それらの餌がなくなってしまい、農民も労働者も票で政治家にお返しができない状況になって、気がついたころには産業そのものの衰退が進んでしまっている。
長いものに巻かれて、やがて主要産業は本質的な活動能力が削がれ、国全体の活力がなくなって来たのでないか。農業は衰退し労働者は非正規雇用を中心に極端に賃金が抑えられて、史上最長の好景気の中にある。おかしいことに、声を上げられなくなった農民運動や労働運動にはどんな未来がるのだろうか。
日本と豪州(オーストラリア)とのFTA/EPA交渉が大詰めに近づいている。その言い分が、自由経済あるいは規制緩和、市場経済が大前提になっている。
この犠牲になるのが、合いも変わらず農業であり、恩恵を受けるのが推進する経済団体である。日本は豪州からの輸入総額が2兆1千億ほどであるが、鉱物資源(石炭、鉄鉱石、液化天然ガスなど)が1兆3千億程度で、62%を占めている。
この全てが、非関税である。関税がかかっていないのである。つまり今回のFTA交渉の対象にはならないのである。こうした鉱物資源の非関税の恩恵を最も受けているのが、日本の工業界である。
日本が今まで以上に多くの自動車や電化製品を売り込むためには、自国の主産業である農産物を日本に輸出しなければならない。そのための、FTA交渉である。
豪州からの輸入総額は、日本の輸入額の半額に近い小額の1兆3千億ほどであり、そのほぼ半額が自動車である。その自動車の関税が現在の10%から5年先には5%になることが決まっている。

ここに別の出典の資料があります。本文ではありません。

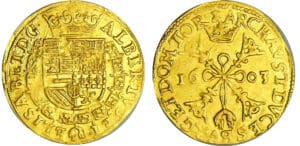 Pays-Bas - Flandre - Albert et Isabelle - Double Albertin d'or 1603 (Tournai) Pays-Bas - Flandre - Albert et Isabelle - Double Albertin d'or 1603 (Tournai)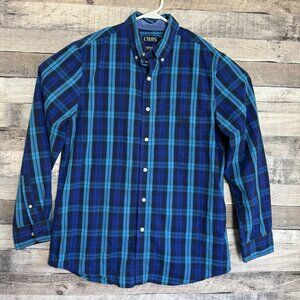 Chaps Mens Sz M Blue Plaid Button Up Lightweight Easy Care Stretch Casual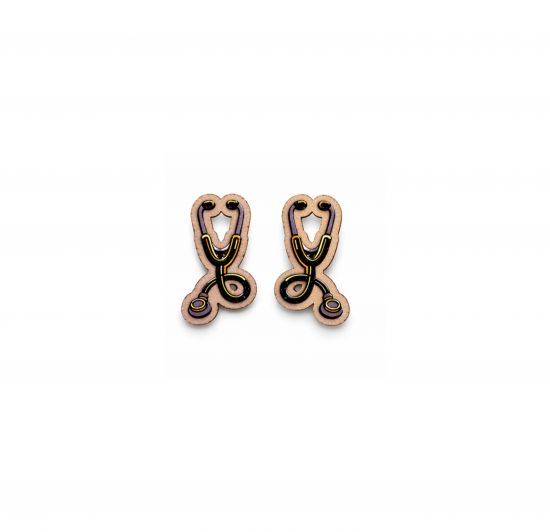 Drewniane kolczyki Stethoscope Earrings Drewniane kolczyki Stethoscope Earrings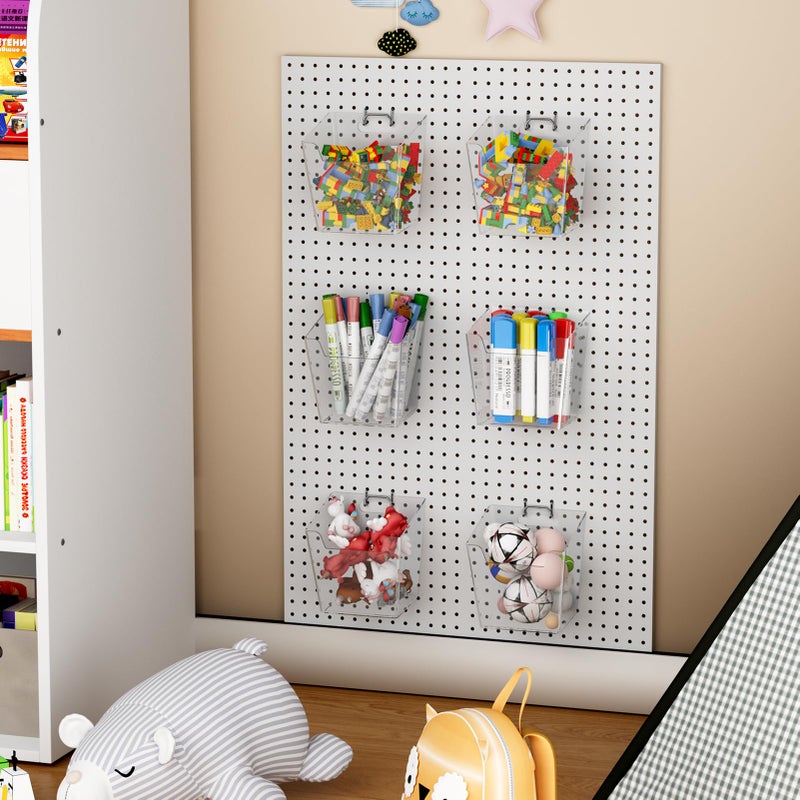 LIGHT DUST Clear Pegboard Cups with Hooks, 1/8" & 1/4" Peg Board Orangizer Accessories Aesthetic Decoration for Garage Workbench Craft Room Office Playroom Organization (6, S/M/L) - Image 5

これは、よく言われる「土下座外交」ではないだろうか。その犠牲者は、農業である。
日本の食糧自給率が40%(カロリーベース)程度とされている。日本は、99年に制定した新しい食料基本法に基づき、2010年までに45%にする、いわば国家目標を設定した。こんなことをやっているようでは、とてもかなうものではない。逆に減少の傾向になるが、むしろ加速させることになると思われる。
それより、自給率の向上そのものが忘れ去られてしまっている感がある。規制緩和とは、食料自給率を下げてまで、日本の工業界を救うことであるのか。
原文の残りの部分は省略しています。